Lili Bosse, Beverly Hills’ mayor when the project was approved last November and a current city council member, believes this multimillion-dollar development, whose total cost has not been revealed, is just what Rodeo Drive needs to burnish its image and guarantee future revenue. The hotel should generate some $778 million in unrestricted funding over the next 30 years, $26 million in non-earmarked funds and $2 million to support local art and culture.

Bosse said the city council can use part of that unrestricted funding for affordable housing. “I feel that this project really is going to take our city into the next 100 years,” said the city council member, who has lived in the city for 50 years since she was a child. “I think this project will be world-renowned. I think it is a gift to our community and future generations.”

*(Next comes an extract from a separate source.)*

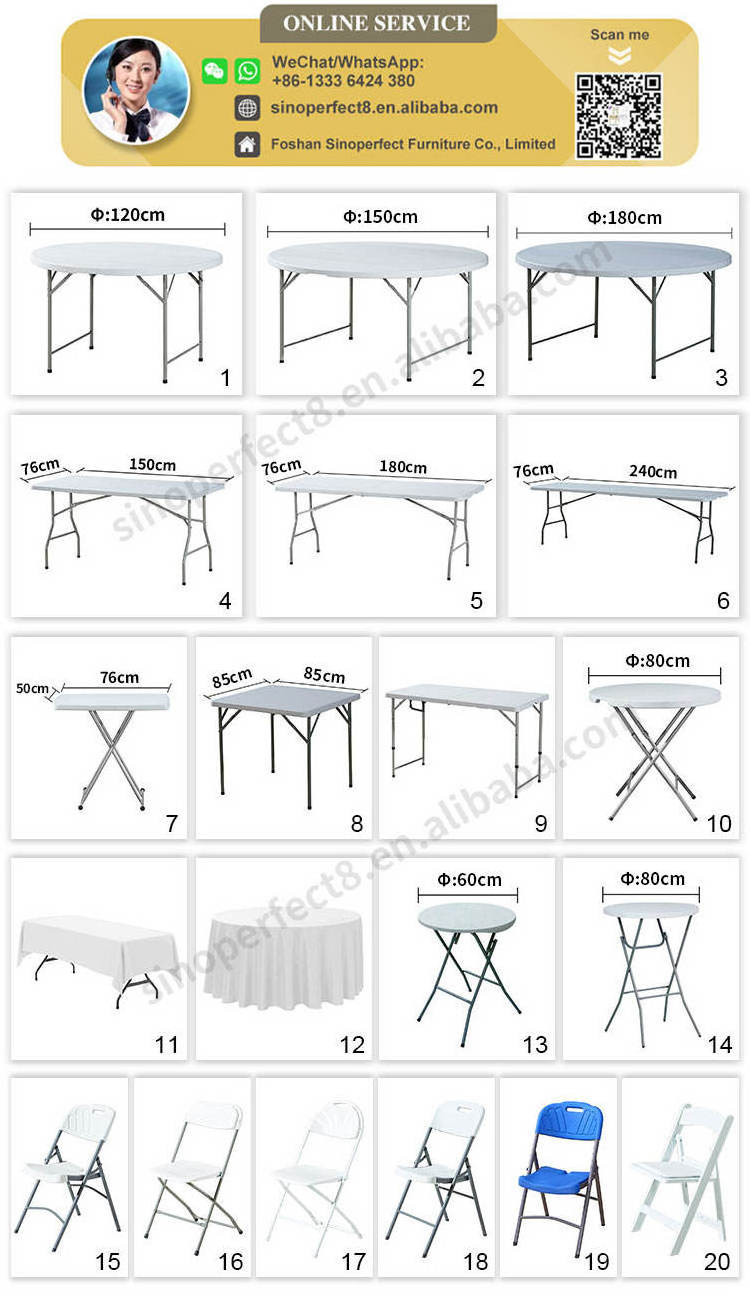 Sino Perfect Plastic White Portable Folding Table Round Used For Banquet Outdoor Wedding Folding Tables 6 Ft Table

Many feel honored that Beverly Hills was chosen to be Cheval Blanc’s first U.S. location. LVMH launched its ultra-high-end hotel chain in 2006 when it opened its first resort in the French ski resort of Courchevel. It has other locations in Paris and Saint-Tropez, France; St. Barths in the French West Indies, and Randheli in the Maldives.

This is not the first time that Beverly Hills voters have decided the fate of a luxury hotel. In 2005, many residents opposed the five-star Montage Hotel (now called The Maybourne Beverly Hills) because of its dense size some believed would gridlock traffic and not fit in with the village feel. The 214-room hotel rising eight stories spent years getting its project off the ground. In the end, it won the election. More than 4,000 voters gave a thumbs-up for the hotel while 3,400 residents nixed it.

“We have great confidence that the people of Beverly Hills will show their support for their city’s decision-making process and vote to reaffirm Cheval Blanc,” Melwani wrote in his email. “They will also send a message that Beverly Hills welcomes the kind of investment that will maintain and strengthen its position in the global pantheon of luxury.”